Ainsi se multiplient les nouvelles figures et les nouveaux mots. Zappons les expressions vulgaires, les injures, très présentes sur les réseaux sociaux et les blogs. Du français au dialecte tunisien, en passant par l’arabe littéraire, on est dans le pur produit tunisien, riche d’emprunts et de procédés ironiques : voulant éprouver le plaisir de la variété et du piquant des mots, apparus dans des tableaux inédits provoqués par des rumeurs, on trouve des traces écrites de tous les genres à la mode: calomnies, locutions lubriques, mensonges, éloges et sottises de tout genre. En bon héritier de la joie de vivre tunisienne, la gravité se plait à s’inventer un nouveau langage. On connait par cœur désormais les mots, liberté, dégage, sniper, dignité… on peut entendre sur les pavés et lire dans les réseaux sociaux, les propos des démagogues tournant autour des Droits de l’Homme. Les égos, leurs quotidiens, sous forme de statuts et de tweets sont également décryptés. Il suffit d’une rumeur, d’une annonce qui rappelle Ben Ali et le RCD pour que ces mots fassent pâlir tous les visages et rugir les voix. Chacun parle et opine dans le tumulte, créé par les colporteurs virtuels et réels, le patriotisme s’engage mais s’égare !
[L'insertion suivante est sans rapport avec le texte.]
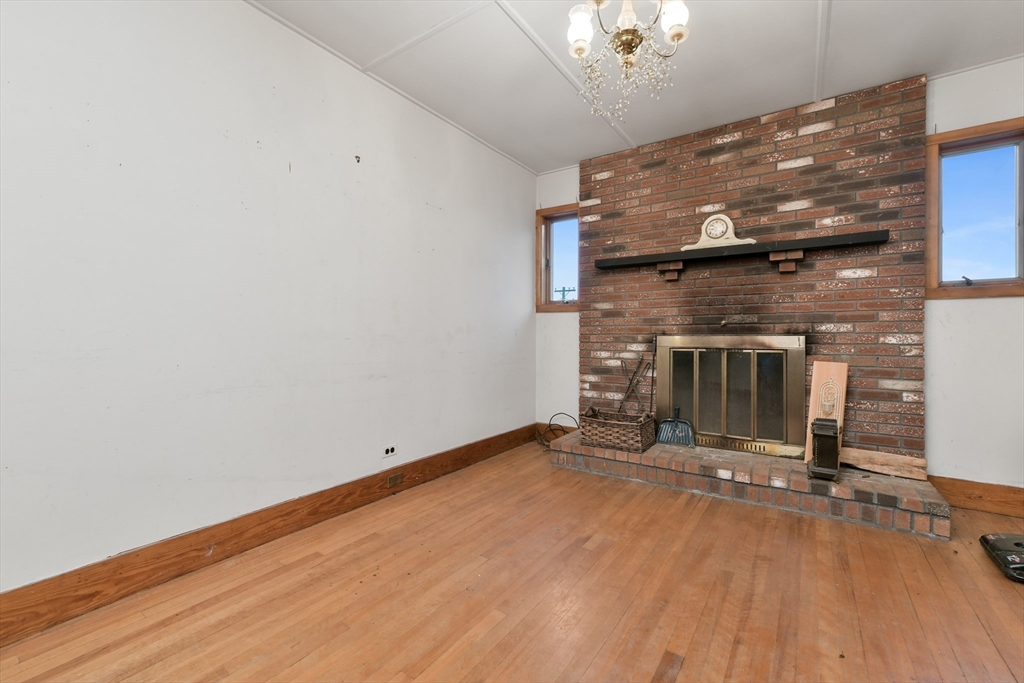 15 Cottage Avenue Danvers, MA 01923 - Photo 7 of 24 a view of a livingroom with a fireplace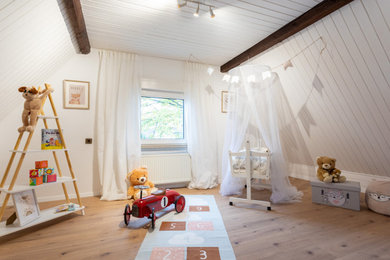 Mittelgroßes, Neutrales Modernes Babyzimmer mit weißer Wandfarbe, braunem Boden, Holzdielendecke und Holzdielenwänden in Köln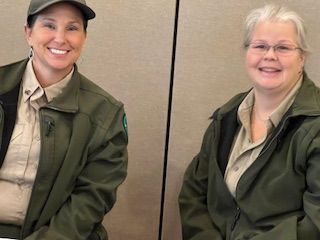 Two women in military uniforms are sitting next to each other and smiling.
On gardera le souvenir, de notre retour sur Tunis en janvier 2011, cœur de la Révolution de la liberté et notamment celle de l’expression, non pas que le peuple se soit emparé des Droits de l’Homme, mais des droits du Carnaval. Il est clair que depuis le 14 janvier 2011 au soir, nous avons été témoins des pleurs, et des vrais sourires, de l’hypocrisie aussi, des rumeurs les plus fantaisistes et des actes de solidarité les plus spectaculaires au sens premier du terme, les rapacités et les guerres intestines des clans. Rappelez-vous Jerad, Ghannouchi et les autres, les nains de Ben Ali. Un carnaval ininterrompu régnait. Une allure de tragi-comédie absurde que certains se sont appropriés sournoisement. Un alphabet nouveau pour servir à l’intelligence des apôtres de Ben Ali : vraiment démocrate ? Patriote ? Ou rien de tout cela. Ces vrais démocrates sans masques se trouvent-ils parmi le peuple de la classe populaire longtemps occupant le rôle de marionnettes dans le gentil monde si parfait de Ben Ali? Bref, il apparaît à l’imagination que patriote veut dire citoyen populaire, et démocrate, citoyen de la classe aisée, puisqu’on examine la réalité sous un autre angle. Ce n’est plus maintenant qu’une affaire de mots : on donne à chaque nom le sens qu’on veut y donner, tout dépend du masque qu’on veut porter. Apres tout, derrière son loup, chacun fait et dit ce qui lui plait.

 

Haifa Kadhi

*C’est une forme de gouvernement dans lequel la masse a tous les pouvoirs et peut imposer tous ses désirs.